David Pettit

Personal information
- Full name: David William Pettit
- Born: 24 March 1937 Canterbury, Kent, England
- Died: 28 May 1990 (aged 53) Greta West, Victoria, Australia
- Batting: Right-handed
- Bowling: Right-arm fast-medium

Domestic team information
- 1958–1959: Oxford University

Career statistics
| Competition | First-class |
| Matches | 5 |
| Runs scored | 33 |
| Batting average | 11.00 |
| 100s/50s | 0/0 |
| Top score | 22 |
| Balls bowled | 570 |
| Wickets | 6 |
| Bowling average | 72.00 |
| 5 wickets in innings | 0 |
| 10 wickets in match | 0 |
| Best bowling | 2/51 |
| Catches/stumpings | 0/– |
- Source: Cricinfo, 23 June 2020

= David Pettit =

English cricketer and clergyman

David William Pettit (24 March 1937 – 28 May 1990) was an English first-class cricketer.

Pettit was born at Canterbury in March 1937, where he was educated at St Edmund's School.
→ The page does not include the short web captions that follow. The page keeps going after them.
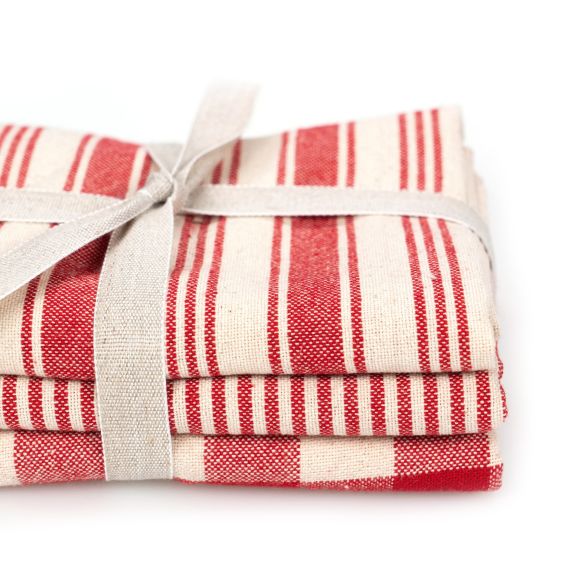 Stoffpaket - Baumwolle "Küchen-Trio Pure" 3-teilig (natur-rot)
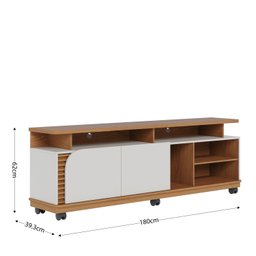 Rack para TV até  75 Polegadas com Rodízio 2 Portas Jurere 180cm - 3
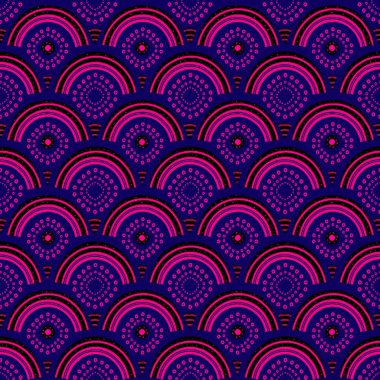 Floral colorful pattern, scales style with dark color background elements of flower, curve, colored lines, botanical, natural theme.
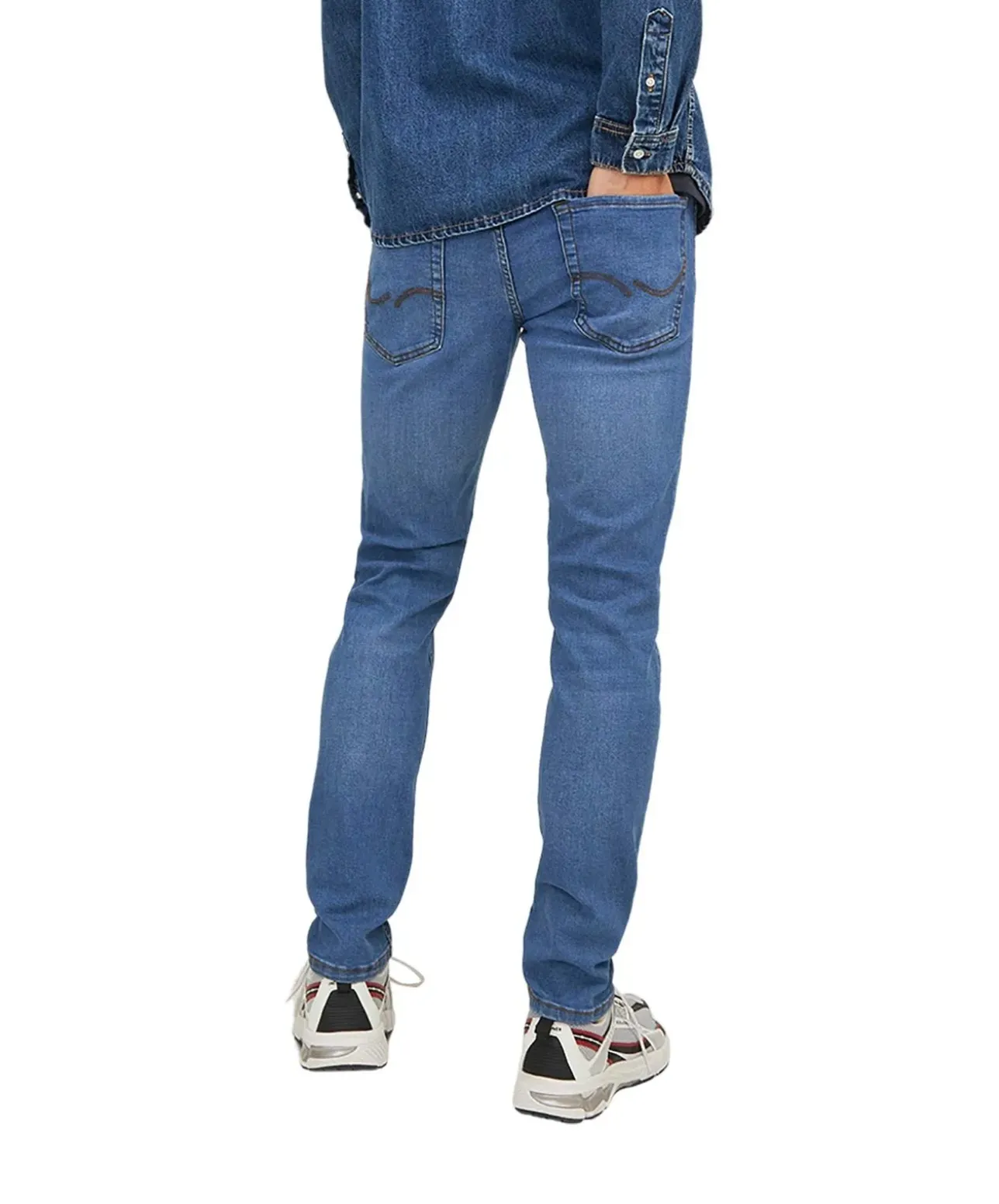 Jack & Jones Glenn Jeans in blau mit schmaler Passform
From St Edmund's he went up to Hertford College, Oxford. While studying at Oxford, he played first-class cricket for Oxford University in 1958 and 1959, making five appearances. His matches for Oxford were mostly trials, with Pettit handed his first trial match against Derbyshire due to the unavailability of J. A. Bailey and David Sayer, where he was employed as a new ball bowler. He was expensive and did not take a wicket and did not feature for Oxford until the following year, when he played four matches in a row, which included an appearance against the touring Indians. However, he only took 6 wickets in these matches at an expensive average of 62.00.

Pettit died suddenly in May 1990 in Australia at Greta West, Victoria.